An energy harvester developed by the Cambridge Centre for Smart Infrastructure and Construction (CSIC) has been tested on the Forth Road Bridge in Scotland where, powered only by traffic and wind induced bridge vibrations, it was demonstrated successfully powering a wireless mote which transmitted data to a receiver mote.
Designed by CSIC’s Dr Yu Jia, Dr Ashwin Seshia and the Sensors and Data Collection team, the patented low-cost, wireless, battery-free energy harvesting device was trialled at the live site in April 2015 where it was deployed for part of a day at a number of locations under the deck of the Forth Road Bridge.

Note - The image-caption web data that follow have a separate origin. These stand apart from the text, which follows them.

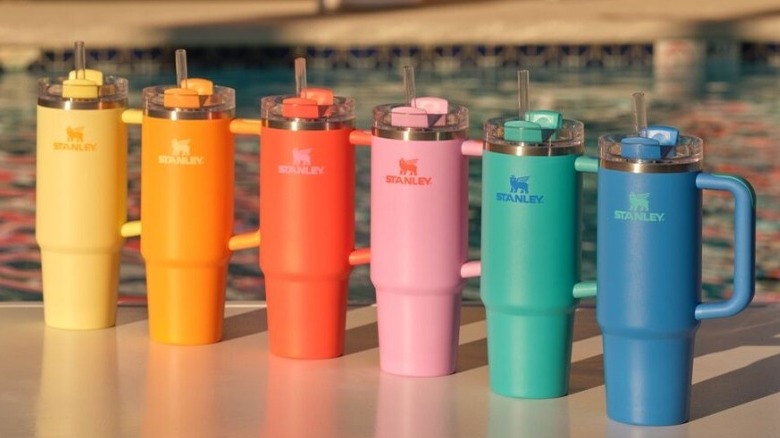 Six bright colored Stanley tumblers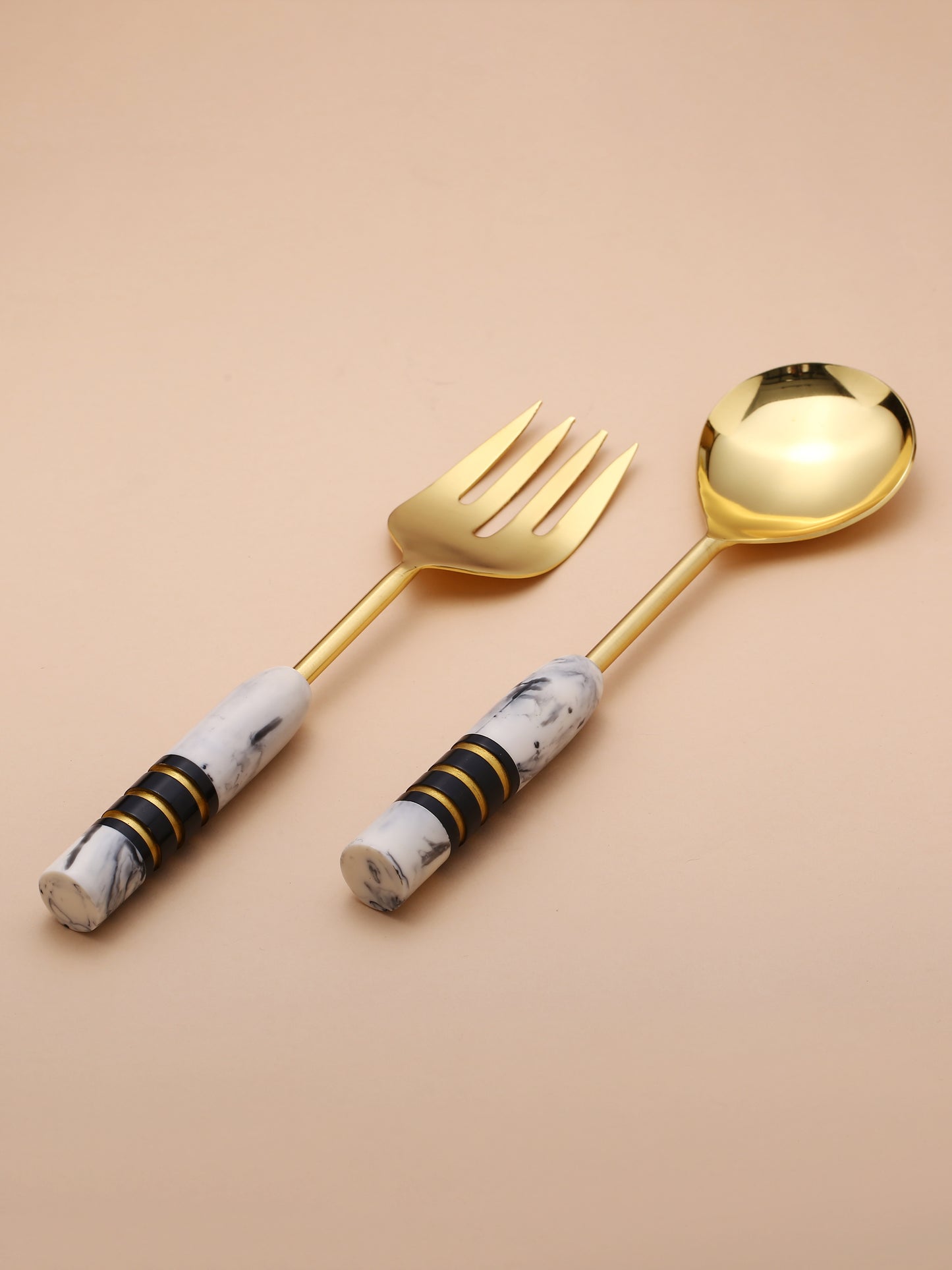 Gold Plated Metal & Resin Salad Set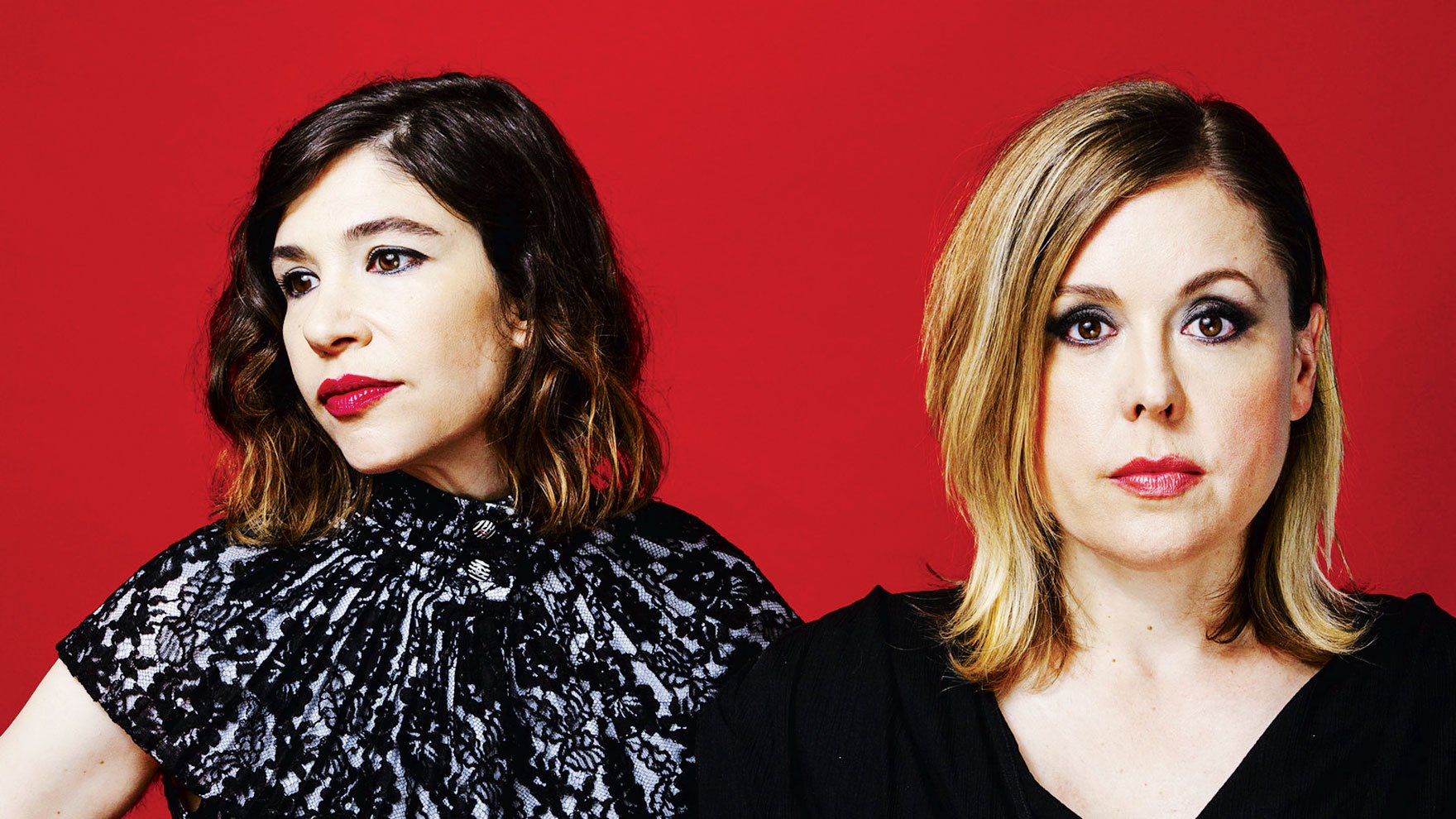 Photograph of Sleater-Kinney by Nikko Lamere.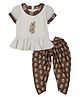 Young Birds Half Sleeves Floral Printed Peplum Top With Dhoti Pant - Brown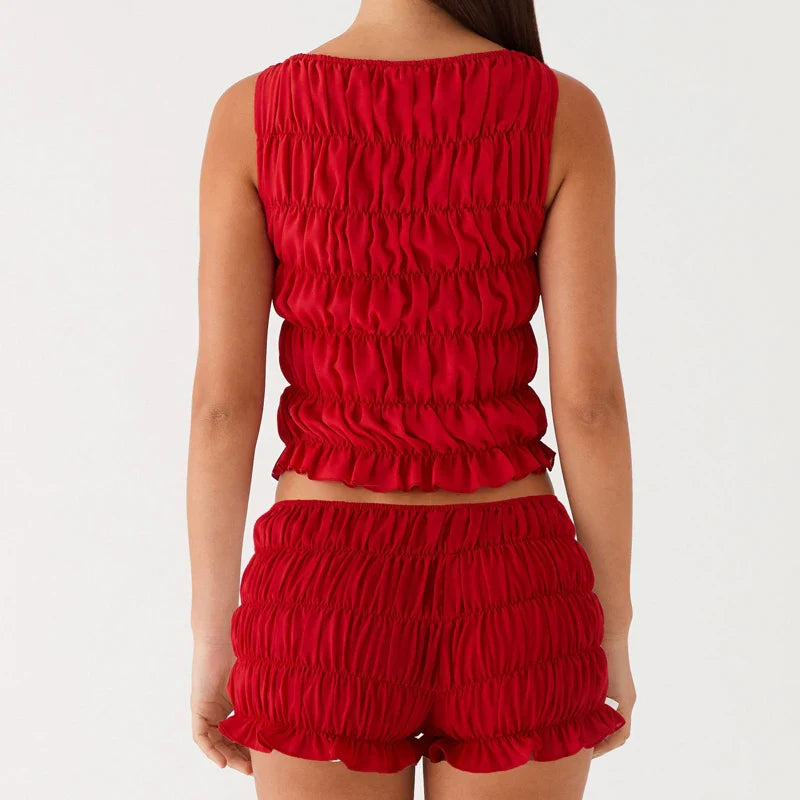 Ruched Tank Top And Shorts Set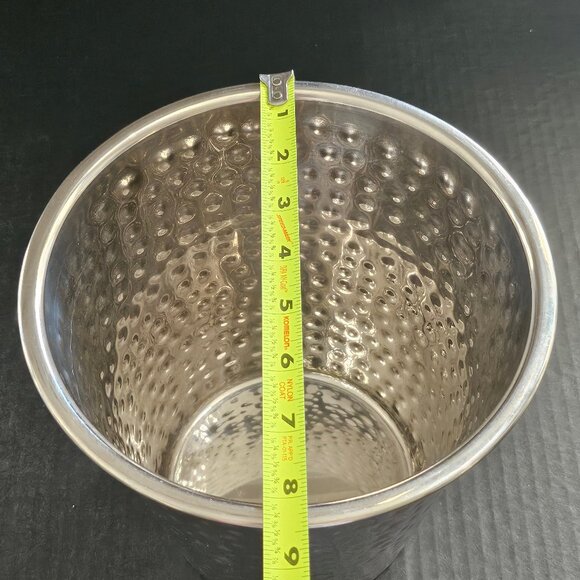 Trudeau Stainless Steel Hammered Design Ring Handles Ice Bucket - Picture 7 of 10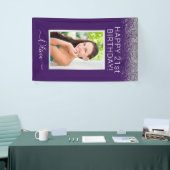 Birthday Foto Paars Silver Glitter Girly Banner (Beurs)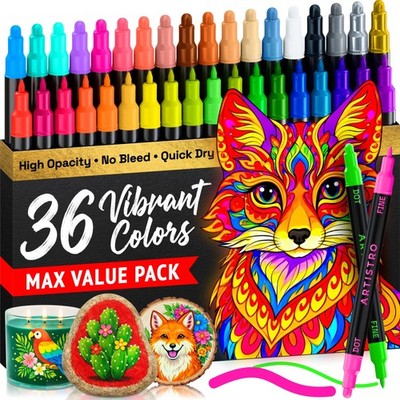 ARTISTRO 36 Acrylic Paint Markers for Rock, 1 Count (Pack of 36), Multicolor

The vibration-powered wireless monitoring technology has the potential to enable maintenance free, autonomous measurement of the behaviour of key structural elements of infrastructure, even in the most difficult-to-reach areas, giving the owner a far greater understanding of the actual capacity and level of safety of an asset.
The results of the Forth Road Bridge trial, which demonstrated that the technology works in live conditions, were presented at the world’s premier academic conference on micro and nanotechnology for power and energy applications, PowerMEMS 2015, in Cambridge (MA, USA), at the close of last year.
“The paper was well received at the conference and was one of only a few academic contributions that has demonstrated the operation of the technology in a real environment,” said Yu.
“Our macro-vibration energy harvesting (VEH) prototype has demonstrated the potential to generate substantially more power than devices based on more conventional approaches to vibration energy harvesting and could provide a convenient, self-sustaining on-board power solution to complement emerging wireless sensor technologies – the smarter power backbone to the ever-growing wireless infrastructure.”
The conventional resonant-approaches to scavenge kinetic energy are typically confined to narrow and single-band frequencies. CSIC’s vibration energy harvesting device combines both direct resonance and parametric resonance in order to enhance the power responsiveness towards more efficient harnessing of real-world ambient vibration.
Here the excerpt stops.